Quite right, but looser rules make it a hell of a lot easier to betray the country.
In the world of counterespionage, two principal dynamics are at play: intent and opportunity. Does an individual entrusted with classified information have the intent to pass on that material to a third party, and if so, what opportunities exist for that person to come into contact with the third party?
Shuai is partly right: Visiting a country does not in and of itself create intent. But allowing a greater number of officials involved in national security to visit China certainly creates opportunities, especially when the country being visited has an aggressive espionage apparatus.
Without going into the increased risk of accidental leak of information such visits would create, the fact is that, despite all the talk of rapprochement between Taiwan and China, Beijing continues to aim around 1,300 missiles in this direction and remains resolute in its quest to ensure superiority in the Taiwan Strait.
In other words, and President Ma Ying-jeou’s (馬英九) rhetoric notwithstanding, China continues to believe that it is at war with Taiwan, and this belief is reflected in its intelligence-gathering operations.
The implication is that Chinese intelligence will continue to target Taiwanese officials — and others, including journalists — visiting the country. If more visits are held, more operations will be active. And once Taiwanese officials are physically in China, the opportunities for Chinese spies to extract information from them — through means such as deception, blackmail, financial incentives and even “honey traps” — will be much greater in number.
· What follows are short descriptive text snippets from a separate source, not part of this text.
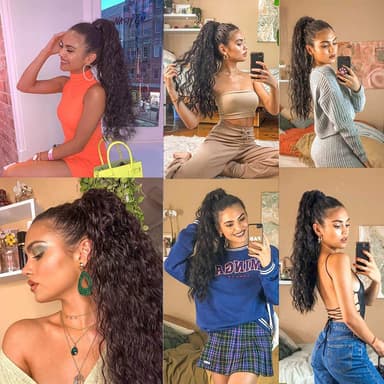 Wavy ponytail extensions hästsvans löshår Svart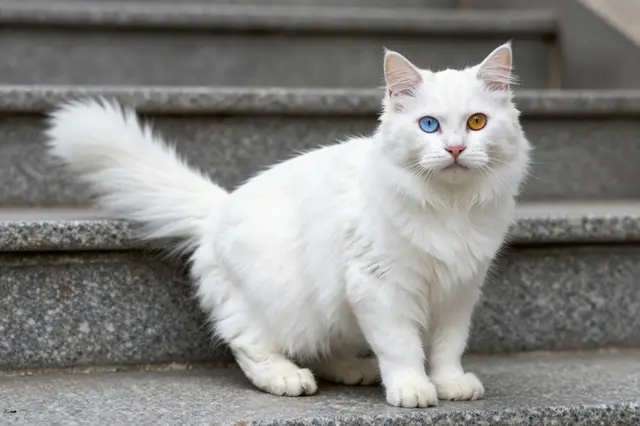 A fluffy white Turkish Angora cat with heterochromatic eyes sits on a granite stone step, facing the camera.
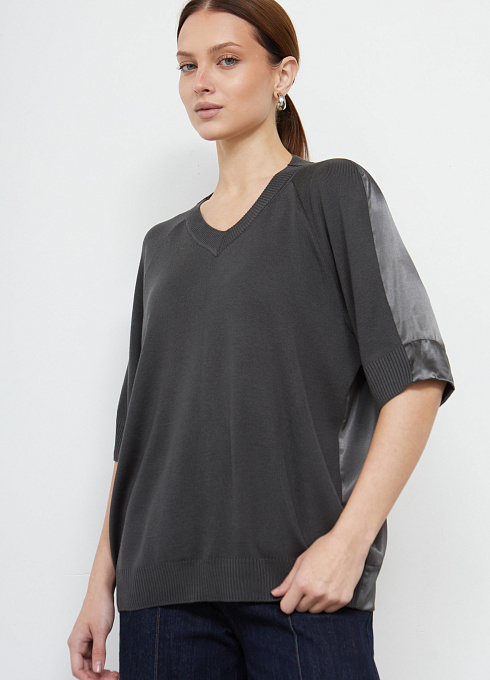Джемпер oversize комбинированный женский,  серый цвет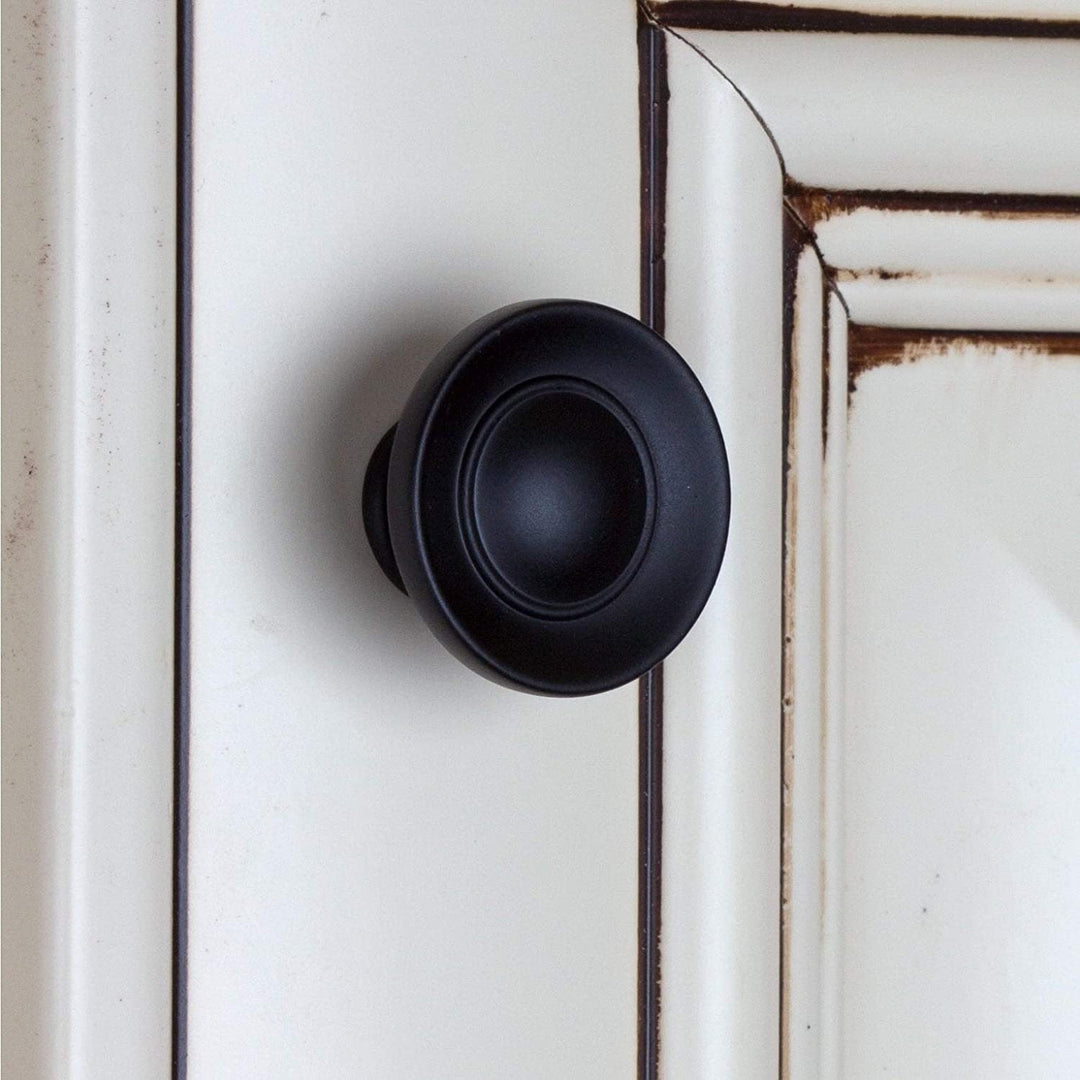1 inch Matte Black Small Round Ring Button Cabinet Knobs (Pack 25) Metal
Human fallibility being what it is, officials with no intention of betraying their country can be cornered, manipulated and exploited by skilled intelligence agencies, often with the target oblivious to their efforts. Not every traitor is a Kim Philby — a person who switches side for ideological reasons. Most are not, in fact, and the reasons why are far more mundane: money, sex, love and vengeance.
The dangers involved in breaching the barrier that has minimized contact between Taiwan and Chinese officials for more than half a century are exacerbated by the influx of Chinese now allowed to visit Taiwan. In an espionage scenario, this could create a continuum of opportunities for contact between a traitor and his handlers. This would, in turn, obviate the proposed regulations, in which officials would need to ask permission before visiting China. Once contact has been made and an official has been ensnared, physical continuity could be maintained without the official having to make another visit to China.
Taiwan’s allies, who are not unaware of the inherent dangers of such contacts, could react to this development by becoming more reluctant to share intelligence products and sensitive technology with Taiwan lest they are passed on to China. Should the US, Taiwan’s principal ally on defense and intelligence, reach this conclusion, Taiwan could find itself denied signals and imagery intelligence, or even military components, which are critical to self-defense.
The risks are too high and the benefits of allowing such visits too low to justify a policy change. As long as China remains a military threat to Taiwan, and as long as China’s intelligence apparatus aggressively targets Taiwan and its allies, the buffer of the Taiwan Strait should be kept intact.